== Given records ==
***

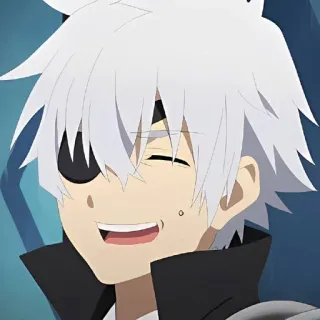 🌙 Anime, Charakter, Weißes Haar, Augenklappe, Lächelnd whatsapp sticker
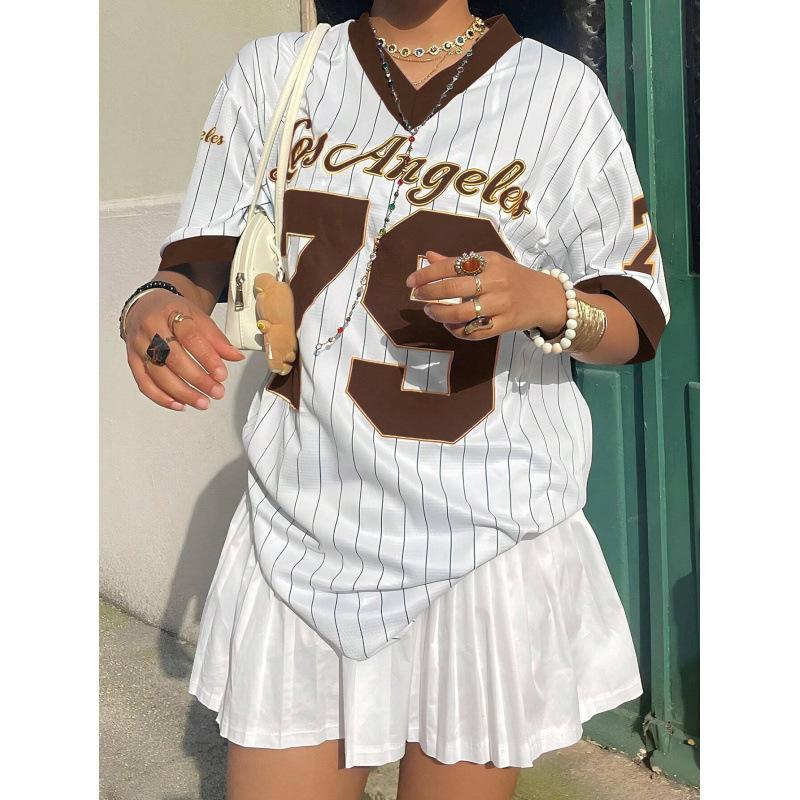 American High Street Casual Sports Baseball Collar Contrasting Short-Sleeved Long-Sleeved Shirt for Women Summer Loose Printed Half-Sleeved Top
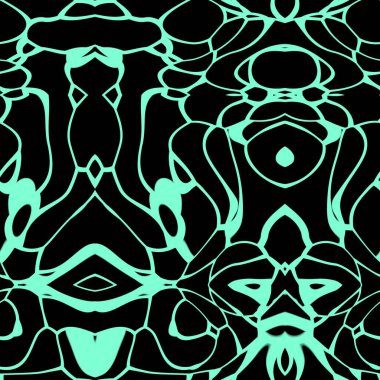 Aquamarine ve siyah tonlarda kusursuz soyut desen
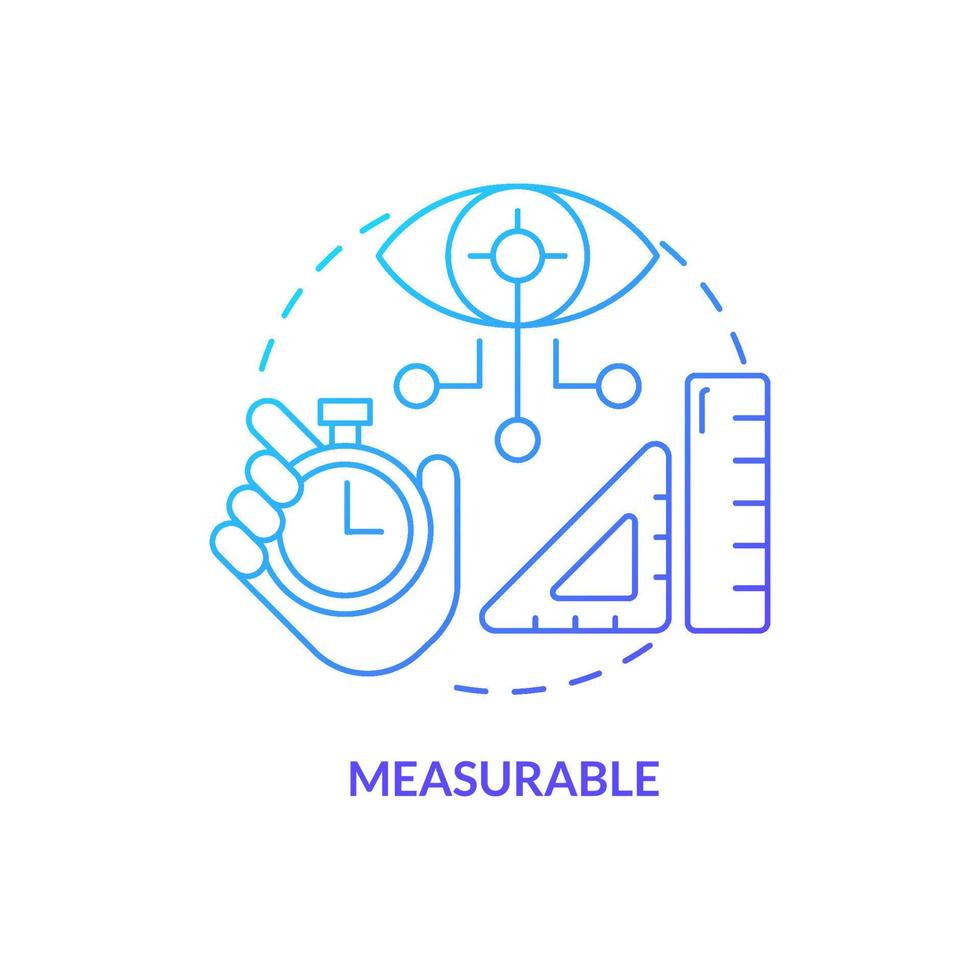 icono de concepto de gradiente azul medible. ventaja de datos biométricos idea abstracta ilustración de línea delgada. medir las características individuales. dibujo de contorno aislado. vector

***

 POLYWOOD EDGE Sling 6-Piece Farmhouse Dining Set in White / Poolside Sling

***

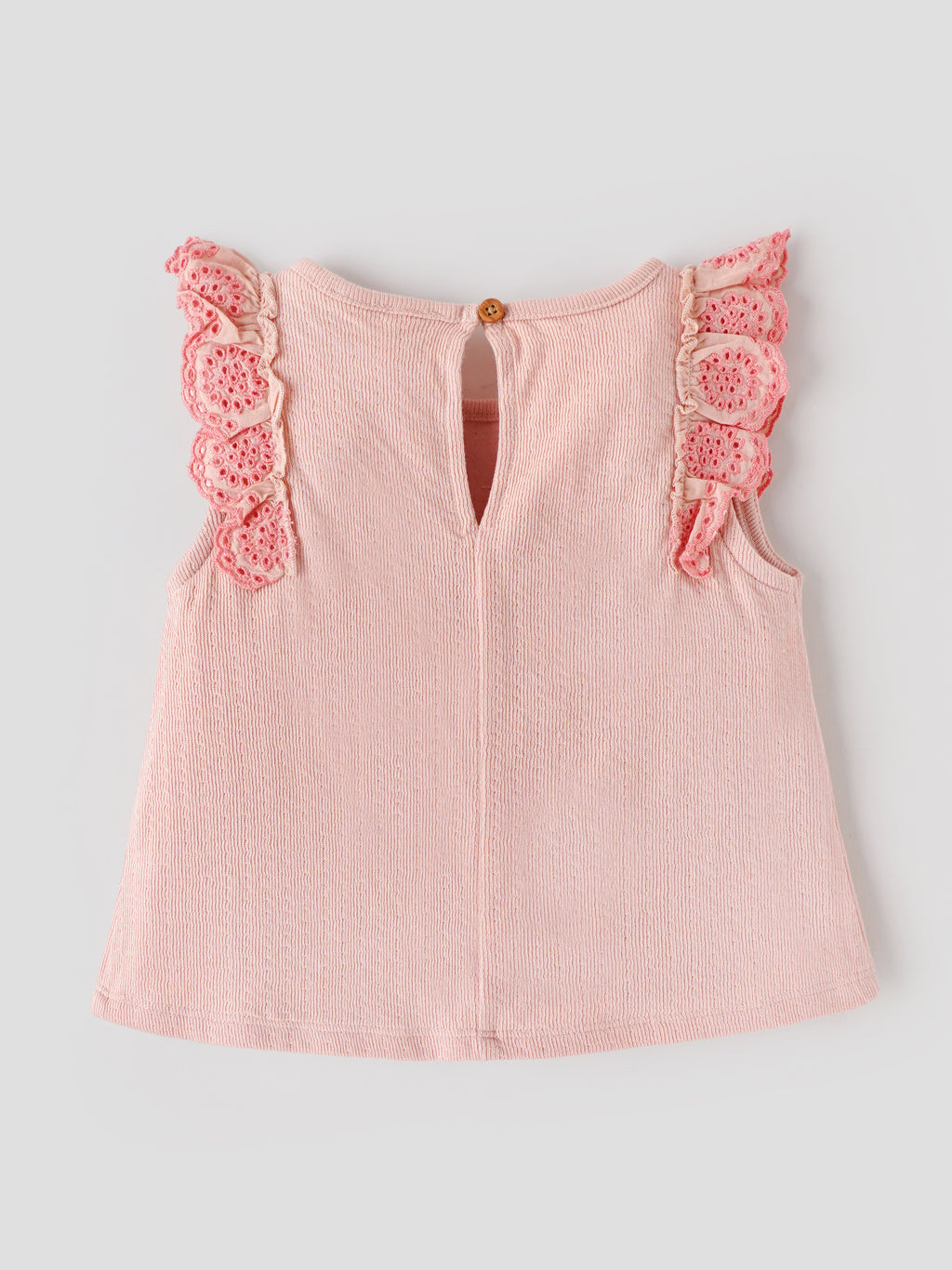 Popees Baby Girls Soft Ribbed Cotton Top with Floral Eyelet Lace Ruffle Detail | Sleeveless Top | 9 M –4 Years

***

== Work request ==
What is needed is an exact copy of the lines above from the one with "American High Street" to the one with "icono de concepto", both ends kept, and nothing more; please leave the pictures out.

== Answer to this task ==
 American High Street Casual Sports Baseball Collar Contrasting Short-Sleeved Long-Sleeved Shirt for Women Summer Loose Printed Half-Sleeved Top
 Aquamarine ve siyah tonlarda kusursuz soyut desen
 icono de concepto de gradiente azul medible. ventaja de datos biométricos idea abstracta ilustración de línea delgada. medir las características individuales. dibujo de contorno aislado. vector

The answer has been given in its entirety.